Adrenal fatigue can range from minor to severe failure. Addison’s disease is the most severe form of adrenal fatigue. Named for the first physician to write and teach about it, Sir Thomas Addison described AF in 1855.

The most severe form is life threatening if left untreated. As first described, adrenal failure was a result of chronic tubercular infection to the glands. The resulting structural damage to the adrenal glands led to prolonged illness and death. Other causes of profound adrenal failure include metastatic (and primary) neoplasm. This severe form of AF occurs in of only about 4 persons per 100,000, general population.

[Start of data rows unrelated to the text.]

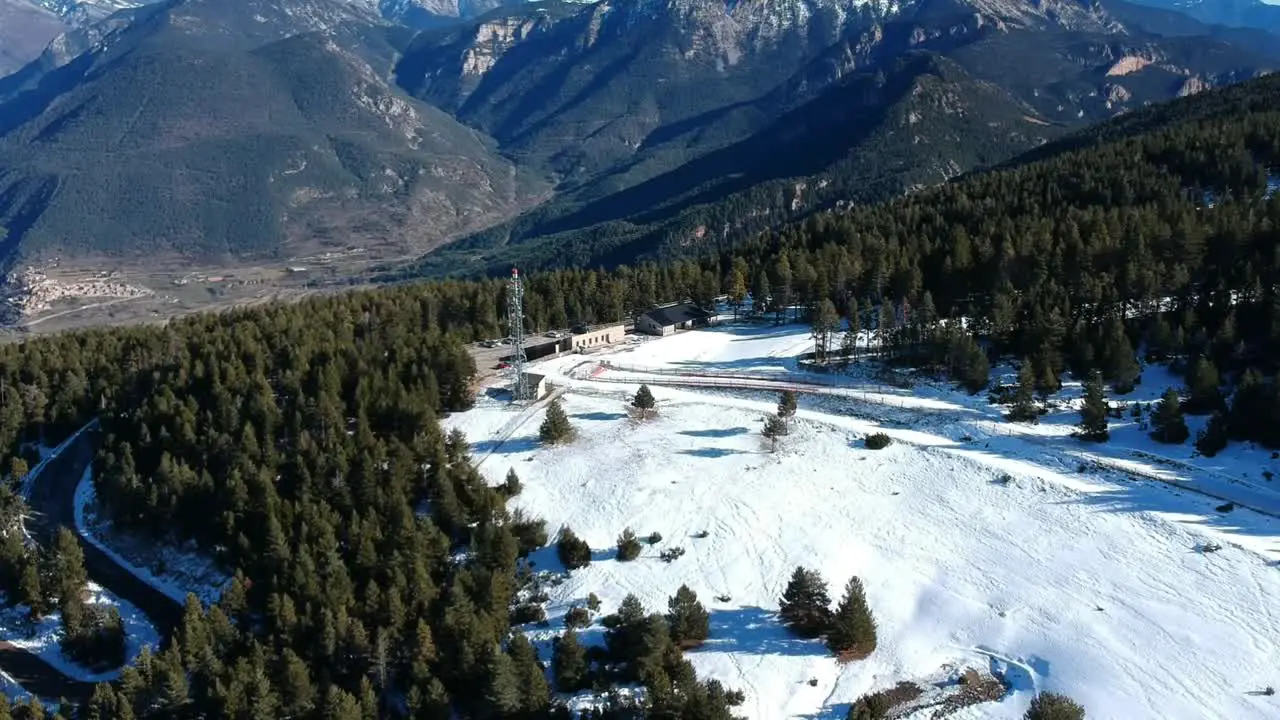 Aerial views of an empty ski station in Catalonia in covid times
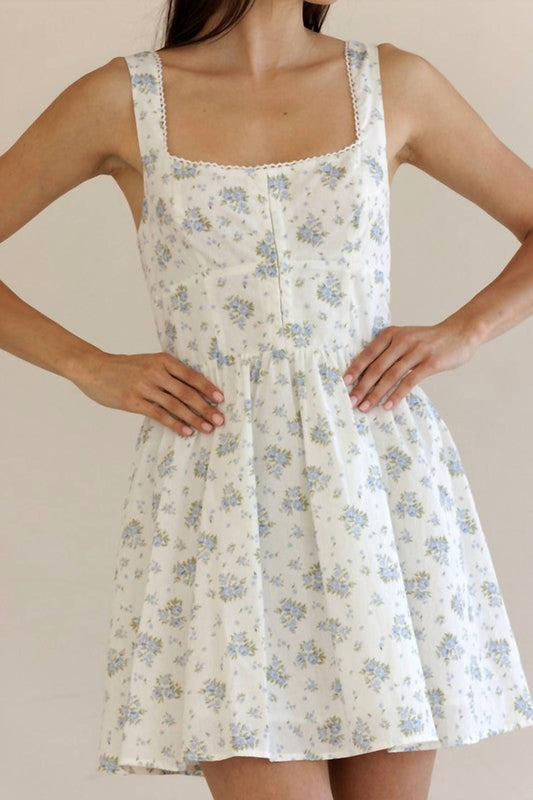 Storia - Square Neckline Floral Mini Dress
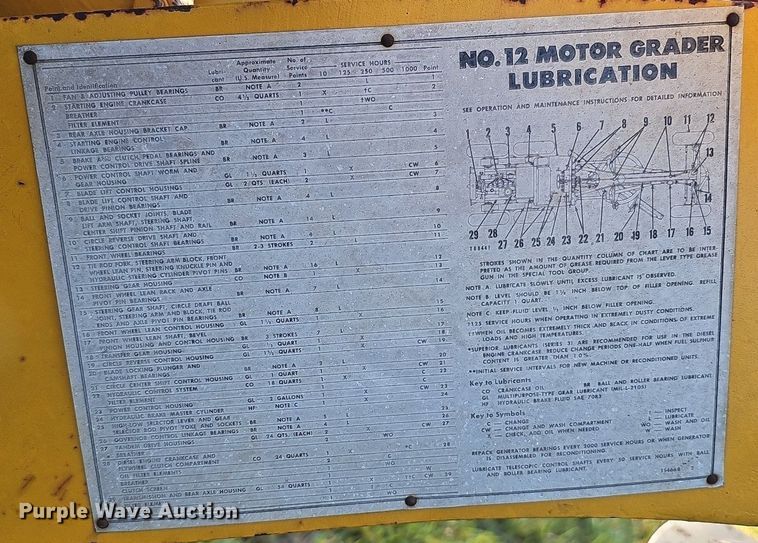 image for item DQ1174 1964 Caterpillar 12E  rigid frame motor grader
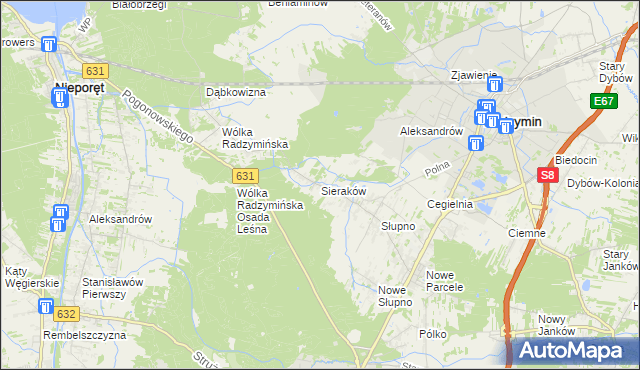 mapa Sieraków gmina Radzymin, Sieraków gmina Radzymin na mapie Targeo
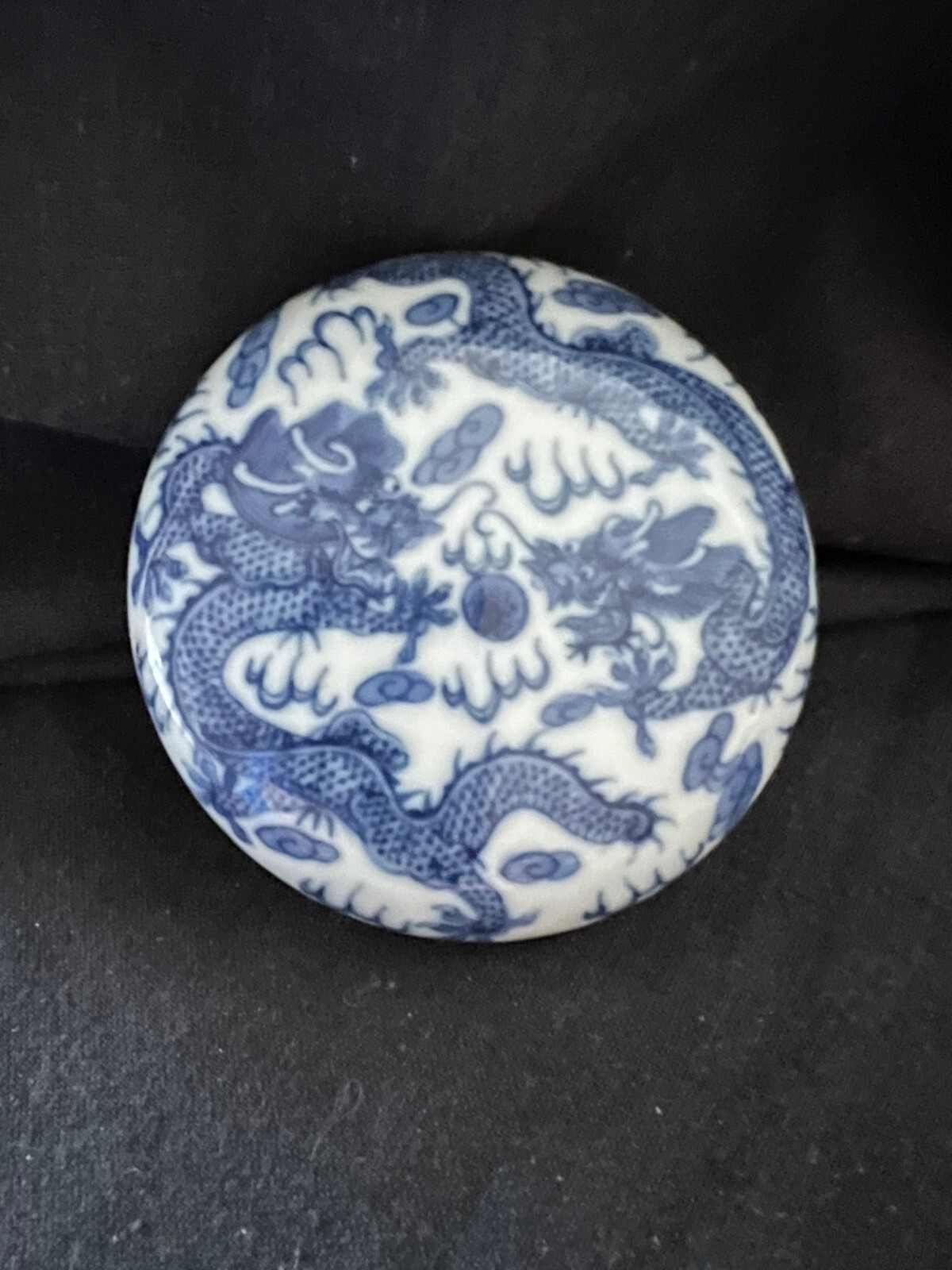 Chinese Blue & White Porcelain Seal Paste Box with Dragons & Pearl Qianlong Mark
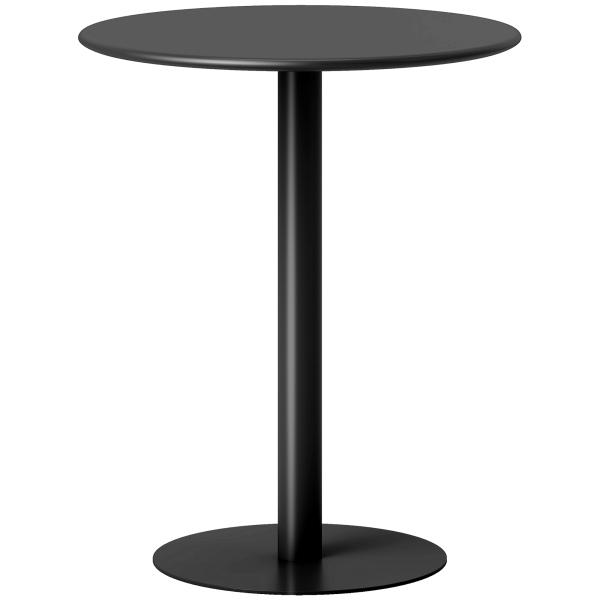 Mesa de Refeição Redonda para 2 Pessoas Mesa de Cozinha de Aço para Interior e Exterior Ø60x72 cm Preto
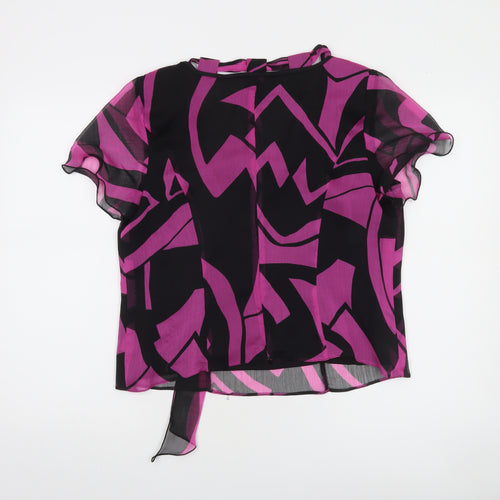 JomHay Womens Multicoloured Geometric Chiffon Tunic Blouse Size 16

Patients treated traditionally for Addison’s Disease are prescribed corticosteroids. It is expected that treatment will be life-long. Current belief is that 70% of cases of Addison’s disease are the result of auto-immune disease.

But stress can also take its toll in less obvious ways, like an abscessed tooth, a bout of the flu, intense physical exertion, a severe quarrel with a loved one, pressure at the workplace, an unhappy relationship, environmental toxins, poor diet, etc. If these smaller stresses occur simultaneously, accumulate or become chronic, and the adrenals have no opportunity to fully recover, adrenal fatigue may result. Often the causes of adrenal fatigue are so obvious because the face of combined stresses may present so differently. It is the summation or bundle of stresses, recognized or not, as well as the intensity of each stress, the frequency plus the duration, all in the entirety that establishes stress load.

Causes of Adrenal Fatigue

Adrenal fatigue, in all its mild and severe forms, is usually caused by some form of stress. Stress can be physical, emotional, psychological, environmental, infectious, or a combination of these. It is important to know that your adrenals respond to every kind of stress the same, whatever the source.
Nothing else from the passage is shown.